What to do
In the material below, pictures must be dropped. Repeat exactly, and only, the lines from the line with "Керамогранит Mirage Ardesie" to the line with "Kaisers Gute Backstube", both ends included.

Data extract
== Segment start ==

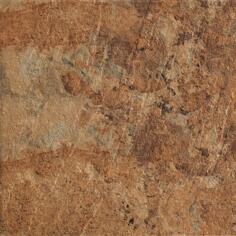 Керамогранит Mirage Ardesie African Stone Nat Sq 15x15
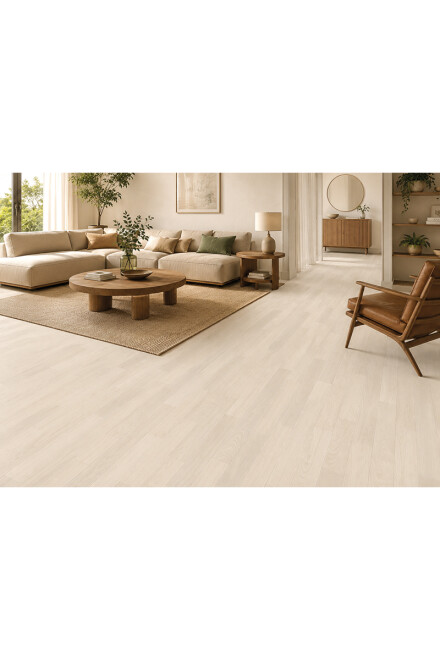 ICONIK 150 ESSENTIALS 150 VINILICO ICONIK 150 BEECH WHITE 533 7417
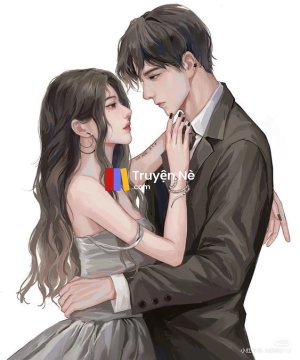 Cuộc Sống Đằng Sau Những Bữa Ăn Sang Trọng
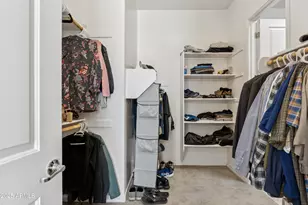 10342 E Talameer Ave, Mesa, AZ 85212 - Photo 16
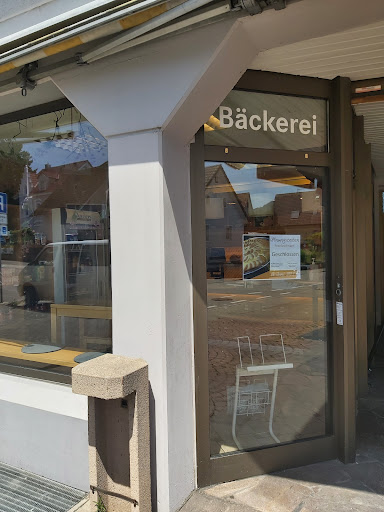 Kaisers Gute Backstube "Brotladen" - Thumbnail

== Segment end ==
== Segment start ==

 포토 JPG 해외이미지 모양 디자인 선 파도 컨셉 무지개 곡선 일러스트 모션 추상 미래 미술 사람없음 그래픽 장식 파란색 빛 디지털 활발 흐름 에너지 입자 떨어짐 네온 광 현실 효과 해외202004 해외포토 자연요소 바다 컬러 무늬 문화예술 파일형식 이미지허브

== Segment end ==
== Segment start ==

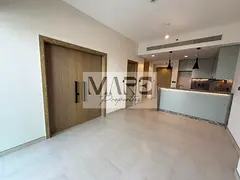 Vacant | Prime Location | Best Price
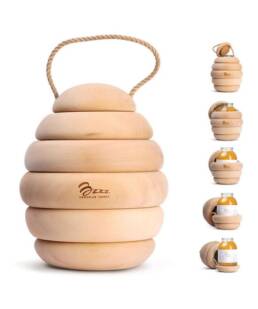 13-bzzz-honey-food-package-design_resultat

== Segment end ==

Answer to this exercise
 Керамогранит Mirage Ardesie African Stone Nat Sq 15x15
 ICONIK 150 ESSENTIALS 150 VINILICO ICONIK 150 BEECH WHITE 533 7417
 Cuộc Sống Đằng Sau Những Bữa Ăn Sang Trọng
 10342 E Talameer Ave, Mesa, AZ 85212 - Photo 16
 Kaisers Gute Backstube "Brotladen" - Thumbnail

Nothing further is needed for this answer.